● Your goal: Replicate the data exactly, every line included.

● Information shown:
+---+
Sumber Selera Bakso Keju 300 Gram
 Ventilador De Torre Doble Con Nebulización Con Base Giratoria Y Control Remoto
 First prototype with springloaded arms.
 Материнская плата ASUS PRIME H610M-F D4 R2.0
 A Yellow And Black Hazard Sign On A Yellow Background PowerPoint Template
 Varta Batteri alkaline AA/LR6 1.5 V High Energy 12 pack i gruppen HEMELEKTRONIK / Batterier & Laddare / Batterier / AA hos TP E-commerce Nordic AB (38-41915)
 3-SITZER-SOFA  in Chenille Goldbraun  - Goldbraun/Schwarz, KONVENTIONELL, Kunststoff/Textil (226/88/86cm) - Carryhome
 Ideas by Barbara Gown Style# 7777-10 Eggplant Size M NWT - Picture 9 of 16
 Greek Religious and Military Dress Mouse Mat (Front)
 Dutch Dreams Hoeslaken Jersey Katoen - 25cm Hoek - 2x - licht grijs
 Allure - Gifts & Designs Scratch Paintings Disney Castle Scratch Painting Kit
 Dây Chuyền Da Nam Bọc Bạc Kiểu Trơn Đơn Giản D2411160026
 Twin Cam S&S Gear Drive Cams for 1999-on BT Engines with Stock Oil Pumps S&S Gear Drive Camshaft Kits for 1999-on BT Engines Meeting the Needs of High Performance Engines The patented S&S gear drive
+---+
● Response to the task:
Sumber Selera Bakso Keju 300 Gram
 Ventilador De Torre Doble Con Nebulización Con Base Giratoria Y Control Remoto
 First prototype with springloaded arms.
 Материнская плата ASUS PRIME H610M-F D4 R2.0
 A Yellow And Black Hazard Sign On A Yellow Background PowerPoint Template
 Varta Batteri alkaline AA/LR6 1.5 V High Energy 12 pack i gruppen HEMELEKTRONIK / Batterier & Laddare / Batterier / AA hos TP E-commerce Nordic AB (38-41915)
 3-SITZER-SOFA  in Chenille Goldbraun  - Goldbraun/Schwarz, KONVENTIONELL, Kunststoff/Textil (226/88/86cm) - Carryhome
 Ideas by Barbara Gown Style# 7777-10 Eggplant Size M NWT - Picture 9 of 16
 Greek Religious and Military Dress Mouse Mat (Front)
 Dutch Dreams Hoeslaken Jersey Katoen - 25cm Hoek - 2x - licht grijs
 Allure - Gifts & Designs Scratch Paintings Disney Castle Scratch Painting Kit
 Dây Chuyền Da Nam Bọc Bạc Kiểu Trơn Đơn Giản D2411160026
 Twin Cam S&S Gear Drive Cams for 1999-on BT Engines with Stock Oil Pumps S&S Gear Drive Camshaft Kits for 1999-on BT Engines Meeting the Needs of High Performance Engines The patented S&S gear drive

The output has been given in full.